Türkiye’de spor kulübü sayısı, 1999 verilerine göre 5.988’dir. Bunun 4.828’i futbol branşında, 1.160’ı ise diğer spor branşlarında faaliyet göstermektedir. Yani, her 10.455 kişiye bir spor kulübü düşmekte, futbol branşı baz alındığında ise her 12.967 kişiye bir futbol spor kulübü düşmektedir. İl bazında ise, Uşak'ta 3874 kişiye bir spor kulübü düşerken, Ankara’da 14.004 kişiye, İstanbul’da 14.474 kişiye bir spor kulübü düşmektedir. Böylece, Ankara, İstanbul gibi büyük iller Türkiye ortalamasının altında kalmaktadır. Nüfusa göre spor kulübü başına düşen en fazla insan sayısı ise Kilis'te bulunmaktadır (36.681). Yine özellikle Güneydoğu Anadolu Bölgesi illerinden Kahramanmaraş, Mardin, Şırnak, Van, Şanlıurfa ve Diyarbakır'da da kulüp başına düşen insan sayısı oranları açısından iyi durumda değillerdir.

Türkiye'de spor yapan insanların toplam nüfusa oranı % 1-2 kadardır. Mevcut spor federasyonlarının lisanslı sporcu sayısı 122.939’dur. Spor federasyonları şu dallarda kurulmuştur:Atletizm, avcılık ve atıcılık, badminton, beyzbol, basketbol, bedensel engelliler, bilardo, binicilik, bisiklet, bocce, boks, briç, buz pateni, cimnastik, dağcılık, eskrim, futbol, geleneksel spor, golf, güreş, halk oyunları, halter, hapkido, hentbol, izcilik, judo, kano ve rafting, karate, kayak, kikboks, kürek, masa tenisi, modern pentatlon, motosiklet, muay tay, okçuluk, otomobil ve motor, oryantiring, satranç, sayokan, sualtı ve cankurtarma, sutopu, tekvando, tenis, triatlon, üniversite sporları, voleybol, vücut geliştirme, yelken, yüzme.

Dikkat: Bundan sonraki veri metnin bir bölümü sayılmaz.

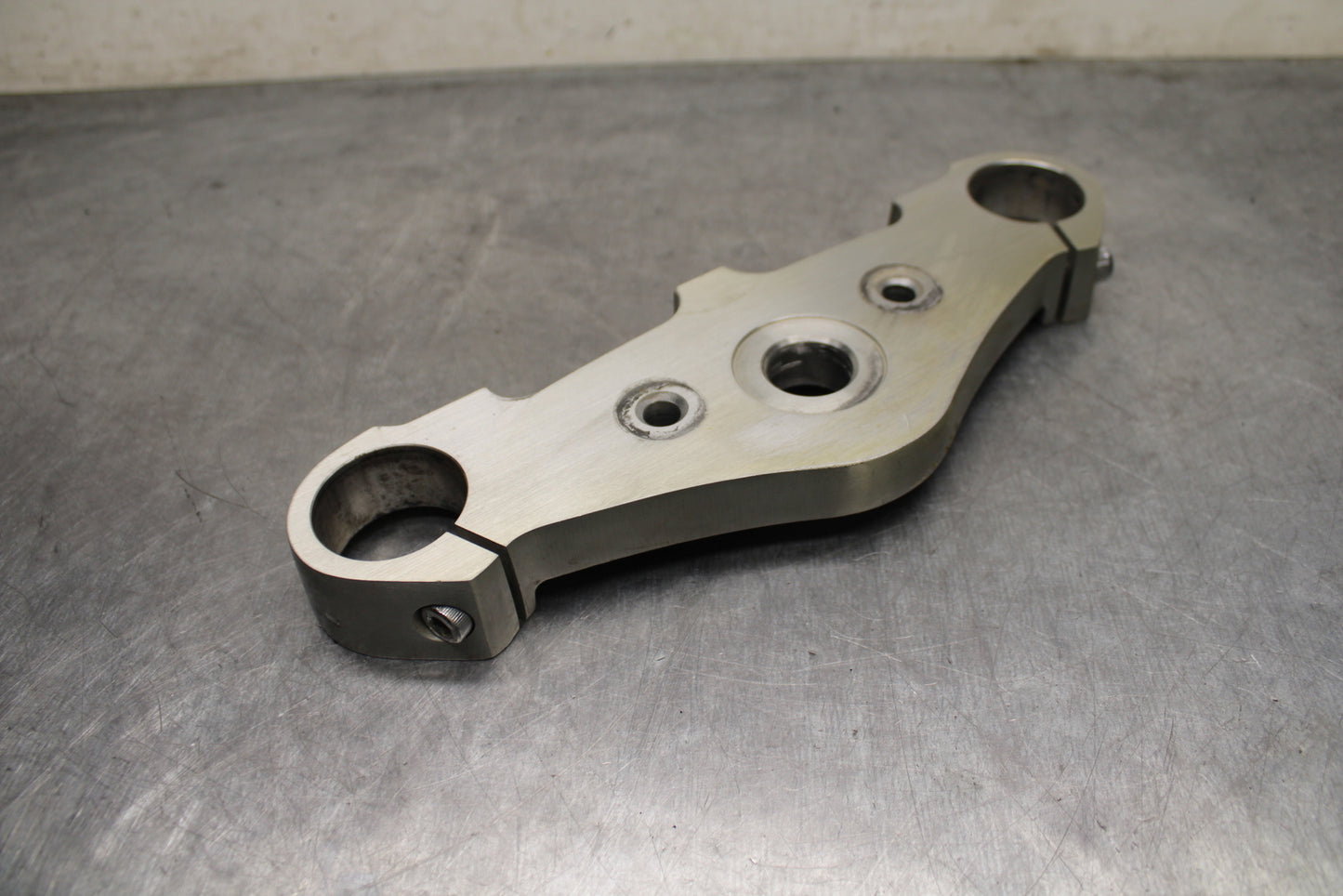 05-08 KAWASAKI VULCAN 1500 VN1500N CLASSIC FORKS UPPER TRIPLE TREE CLAMP BB133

Nüfusa göre sporcu oranı 509 iken bu oran futbol branşında 148’dir. Gençlik ve Spor Genel Müdürlüğü ve Futbol Federasyonu'na kayıtlı toplam lisanslı sporcu sayısı 544.572’dir. Türkiye nüfusuna göre oranı ise 115’dir. Bu orana göre ülkemizde her 115 kişiden biri spor yapmaktadır.

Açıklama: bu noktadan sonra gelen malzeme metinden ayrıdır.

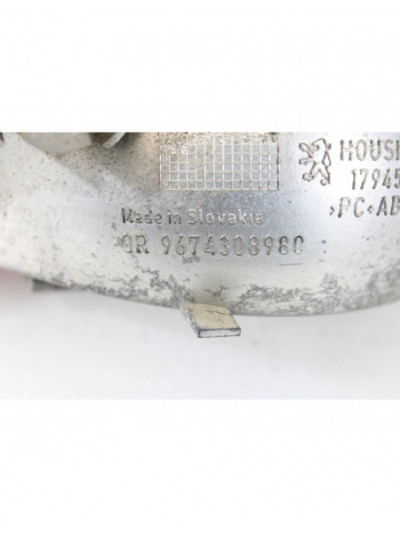 Recambio de piloto trasero central para peugeot 208 access referencia OEM IAM 179457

Nüfus başına düşen sporcu oranı en iyi durumdaki il Yalova’dır (37). İkinci olarak Kırklareli gelmektedir (55). Sayısal açıdan en kötü durumda olan illerimiz ise Diyarbakır (375) ve Şırnak (383) gözükmektedir. Bu arada İzmir ili nüfusu başına düşen sporcu sayısı 99, İstanbul ilinde 107, Ankara ilinde ise 153’tür. Bu verilere göre başkent Ankara dahi Türkiye ortalamasının altında kalmaktadır.

Tatil ve Bayramlar
Resmi tatiller
1 Ocak - Yılbaşı
23 Nisan - Milli Egemenlik ve Çocuk Bayramı
1 Mayıs - Emek ve Dayanışma Günü
19 Mayıs - Atatürk'ü Anma Gençlik ve Spor Bayramı
30 Ağustos - Zafer Bayramı
29 Ekim - Cumhuriyet Bayramı

Dini bayramlar
Ramazan Bayramı (3 gün)
Kurban Bayramı (4 gün)

Türkiye Nüfusu

78.741.053

 

Türkiye nüfusu 2015 yılına göre toplam 78.741.053.

Bu nüfus, 39.511.191 erkek ve 39.229.862 kadından oluşmaktadır.
Yüzde olarak ise: %50,18 erkek, %49,82 kadındır.